(Pictures with short captions)
**********

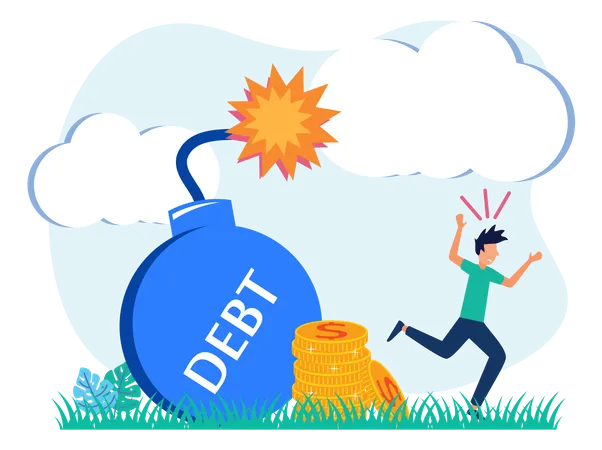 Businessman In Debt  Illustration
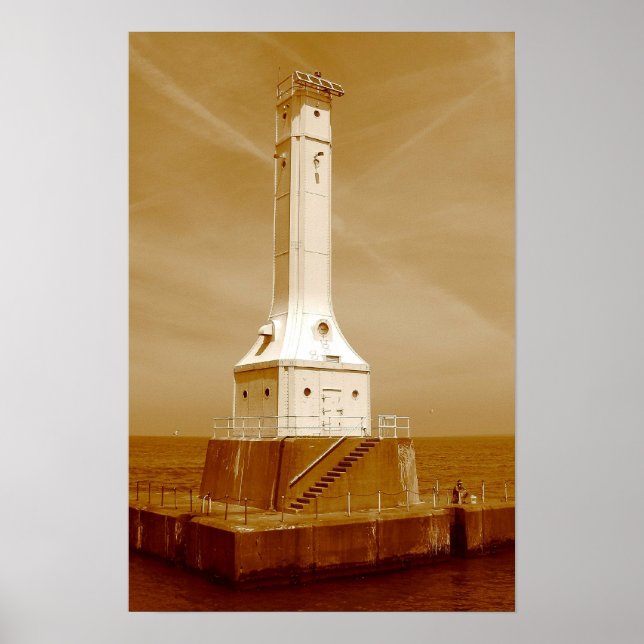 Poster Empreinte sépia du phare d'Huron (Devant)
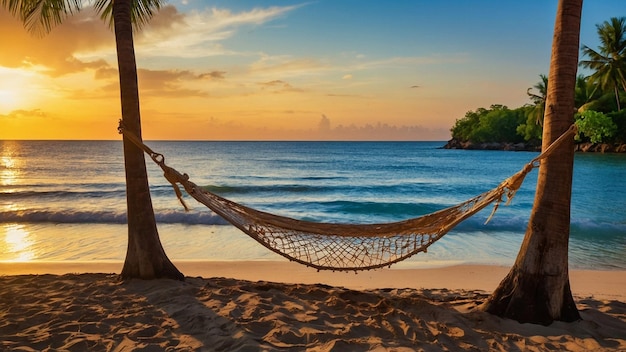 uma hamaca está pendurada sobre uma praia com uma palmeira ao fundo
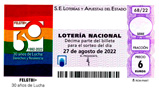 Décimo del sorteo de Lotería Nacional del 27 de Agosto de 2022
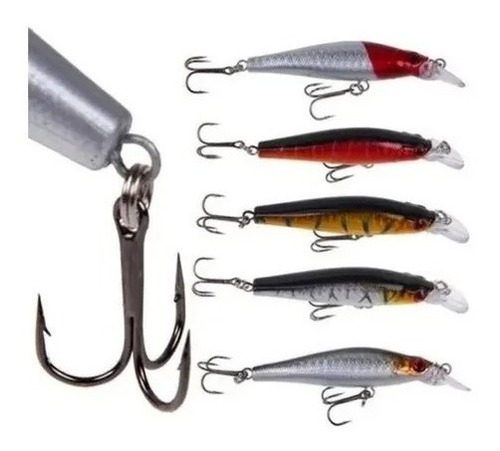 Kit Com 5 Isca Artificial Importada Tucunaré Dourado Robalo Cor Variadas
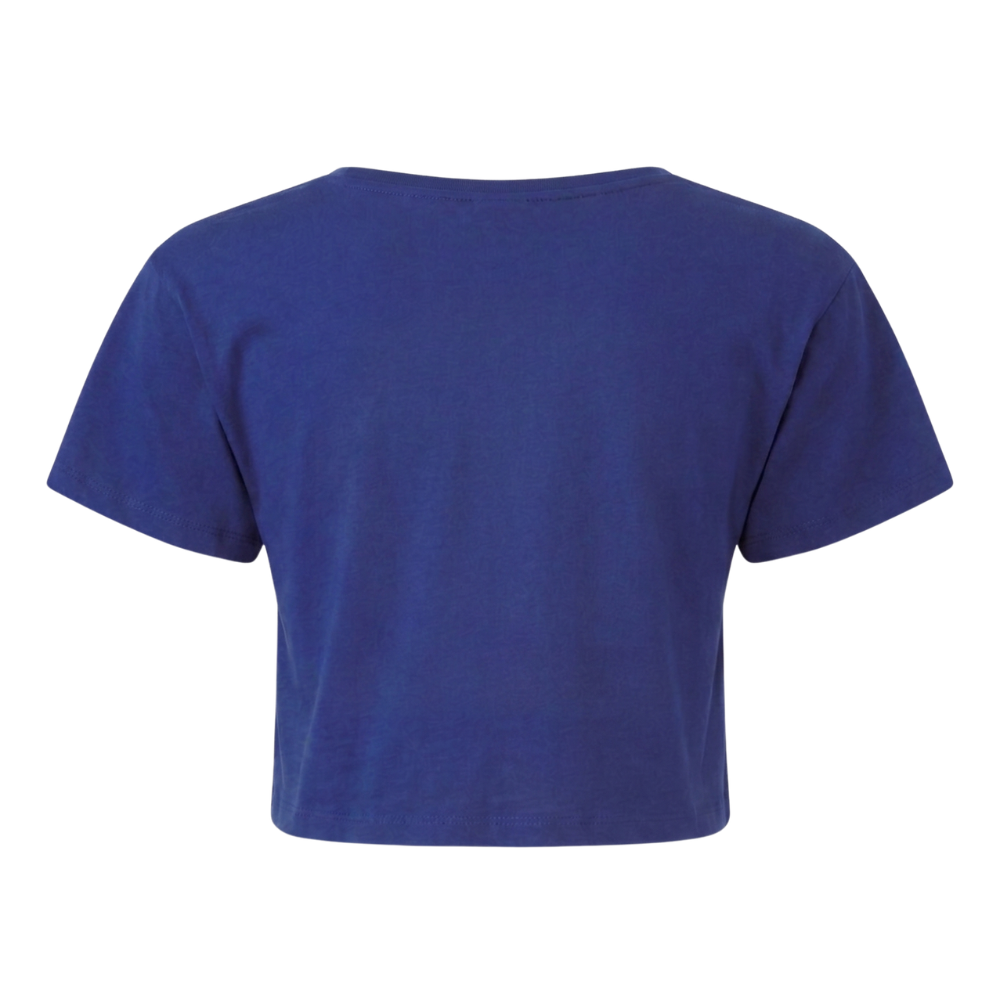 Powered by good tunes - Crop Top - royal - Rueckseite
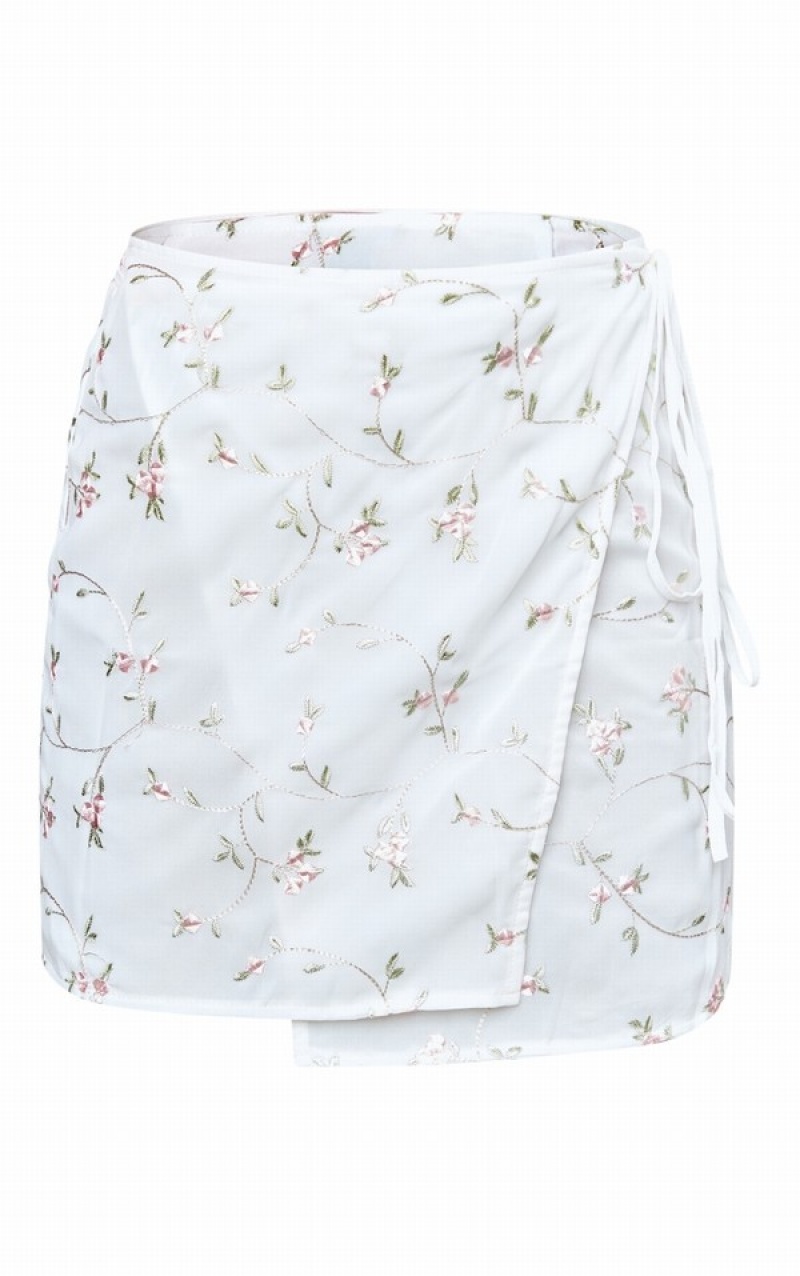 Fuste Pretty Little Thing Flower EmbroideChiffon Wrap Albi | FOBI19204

**********

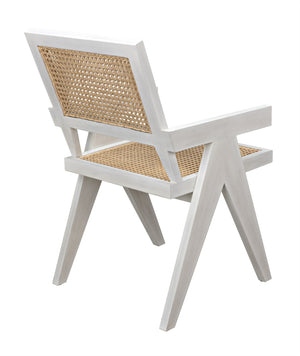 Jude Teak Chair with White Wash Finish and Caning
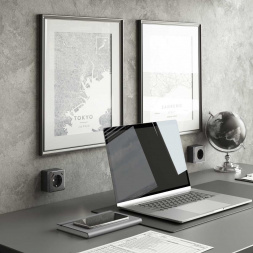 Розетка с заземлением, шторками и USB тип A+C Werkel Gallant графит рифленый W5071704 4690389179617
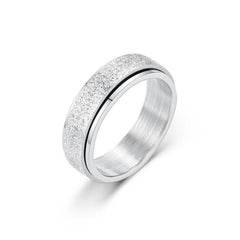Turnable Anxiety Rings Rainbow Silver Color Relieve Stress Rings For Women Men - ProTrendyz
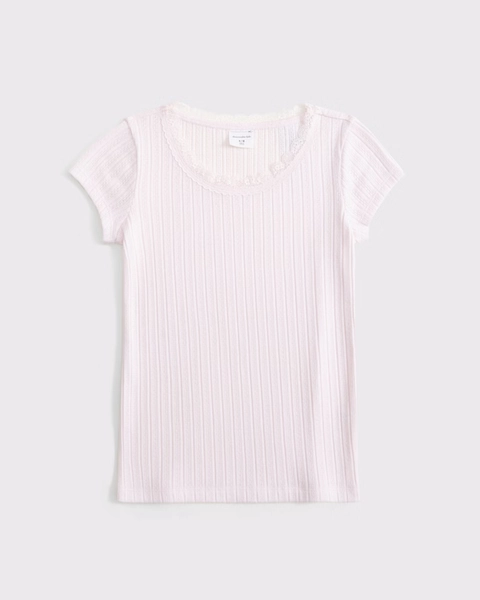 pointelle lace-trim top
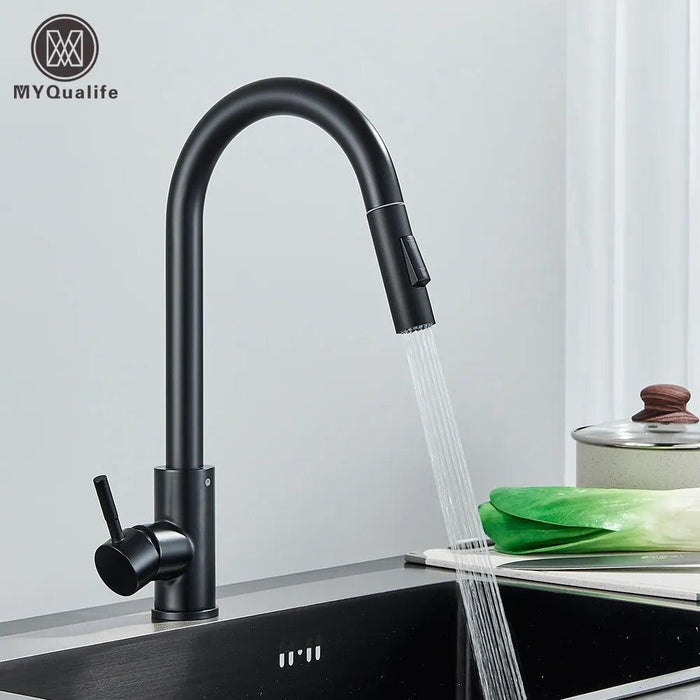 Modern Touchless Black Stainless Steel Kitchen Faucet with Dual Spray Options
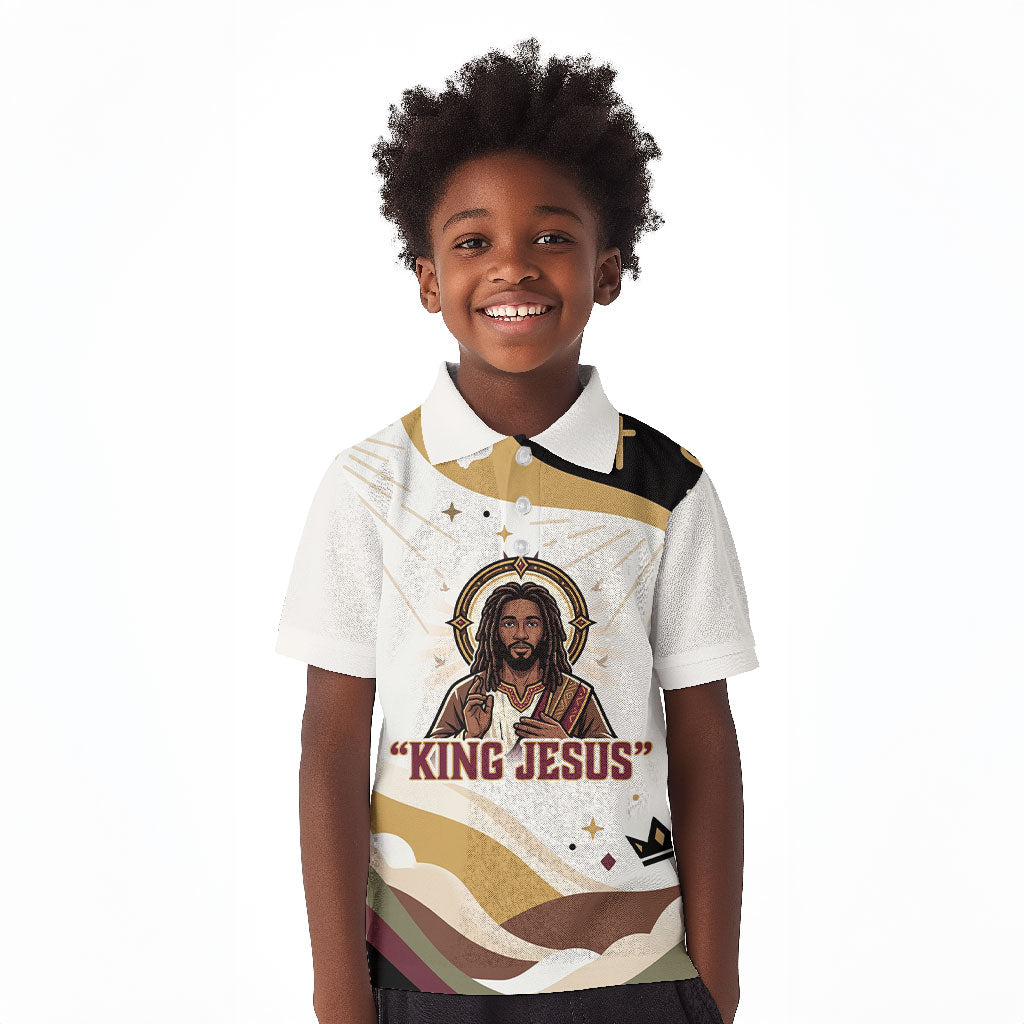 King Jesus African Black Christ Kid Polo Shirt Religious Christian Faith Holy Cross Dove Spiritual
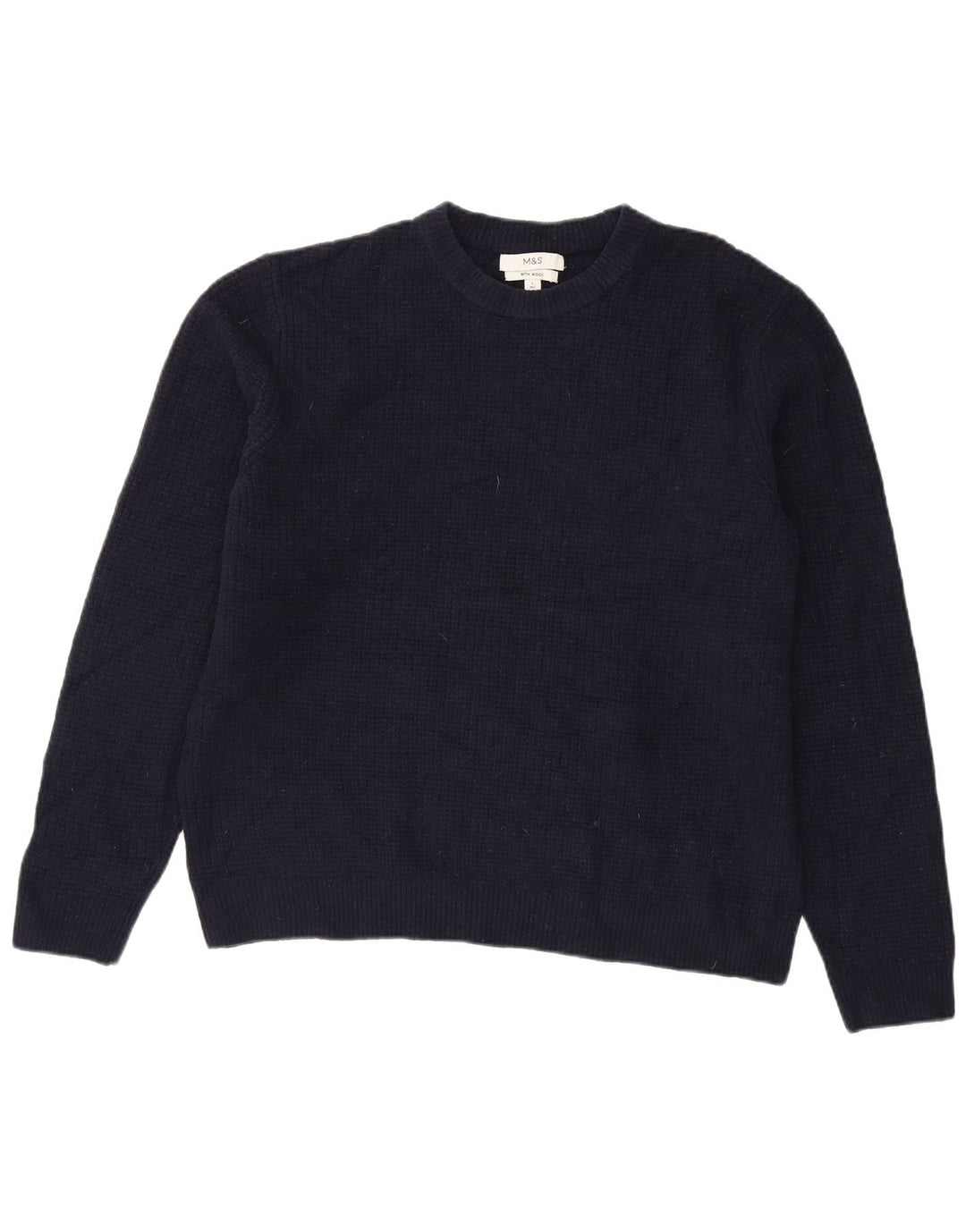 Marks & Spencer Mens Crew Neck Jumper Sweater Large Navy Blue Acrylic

**********

EXERCISE PROMPT: Restate word for word every line from the one with "Kit Com 5 Isca" up to and including the one with "Fuste Pretty Little" in the records above, minus the pictures.

YOUR RESPONSE:
 Kit Com 5 Isca Artificial Importada Tucunaré Dourado Robalo Cor Variadas
 Powered by good tunes - Crop Top - royal - Rueckseite
 Fuste Pretty Little Thing Flower EmbroideChiffon Wrap Albi | FOBI19204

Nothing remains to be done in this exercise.